Ludzie udomowili konie nieco ponad 4 tysiące lat temu, w rejonie stepów na północ od Kaukazu - przekonuje na łamach "Nature" międzynarodowy zespół naukowców. 162 badaczy, ekspertów od archeologii, paleogenetyki i lingwistyki przeprowadziło analizy, które pozwoliły rozwiązać zagadkę pochodzenia współczesnych koni i wskazać na to, co ostatecznie zdecydowało o sukcesie ich hodowli.
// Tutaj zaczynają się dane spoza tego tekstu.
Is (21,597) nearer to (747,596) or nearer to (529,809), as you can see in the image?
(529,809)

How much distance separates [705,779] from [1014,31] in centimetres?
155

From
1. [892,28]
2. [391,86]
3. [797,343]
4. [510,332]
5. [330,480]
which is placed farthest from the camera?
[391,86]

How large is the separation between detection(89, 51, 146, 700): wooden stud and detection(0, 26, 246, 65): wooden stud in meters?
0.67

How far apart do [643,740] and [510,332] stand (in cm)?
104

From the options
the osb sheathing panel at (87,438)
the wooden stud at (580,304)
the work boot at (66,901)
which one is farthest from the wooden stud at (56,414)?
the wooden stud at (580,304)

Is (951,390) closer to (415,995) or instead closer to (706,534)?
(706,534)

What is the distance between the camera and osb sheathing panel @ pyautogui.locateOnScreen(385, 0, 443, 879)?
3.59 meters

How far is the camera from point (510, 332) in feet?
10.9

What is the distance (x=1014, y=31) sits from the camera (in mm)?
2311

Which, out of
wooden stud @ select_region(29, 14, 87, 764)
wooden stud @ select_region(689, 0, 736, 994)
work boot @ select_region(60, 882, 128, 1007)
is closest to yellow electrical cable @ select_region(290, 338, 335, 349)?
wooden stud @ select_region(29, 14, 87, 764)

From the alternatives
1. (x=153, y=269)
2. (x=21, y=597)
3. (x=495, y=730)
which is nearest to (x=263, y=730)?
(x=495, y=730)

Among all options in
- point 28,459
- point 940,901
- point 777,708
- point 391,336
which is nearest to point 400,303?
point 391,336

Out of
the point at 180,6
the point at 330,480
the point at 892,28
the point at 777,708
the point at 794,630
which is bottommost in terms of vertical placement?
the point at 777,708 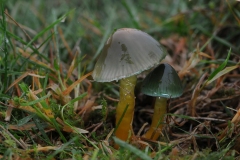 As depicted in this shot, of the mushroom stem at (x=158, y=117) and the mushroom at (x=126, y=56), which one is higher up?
the mushroom at (x=126, y=56)

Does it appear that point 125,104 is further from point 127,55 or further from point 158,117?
point 127,55

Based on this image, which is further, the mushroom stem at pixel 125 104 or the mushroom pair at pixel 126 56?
the mushroom stem at pixel 125 104

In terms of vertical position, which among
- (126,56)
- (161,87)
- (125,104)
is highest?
(126,56)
Kluczem okazało się ich łagodniejsze usposobienie i... silniejszy kręgosłup.

Pytanie o to, kiedy człowiekowi udało się udomowić konie, kiedy zaczęły się rozprzestrzeniać po całym świecie pomagając w migracjach, spędzało naukowcom sen z powiek od dawna. Wydawało się, że przełomem okaże się znalezienie szczątków koni w rejonie Botai w Azji Środkowej, pochodzących sprzed mniej więcej 5 500 lat. 

Badania pokazały jednak, że nie były one przodkami koni współczesnych. Pytanie o to, czy stepy Azji Środkowej, rejon Anatolii, Syberia, czy też Półwysep Iberyjski były kolebką udomowionych koni pozostawało więc otwarte. 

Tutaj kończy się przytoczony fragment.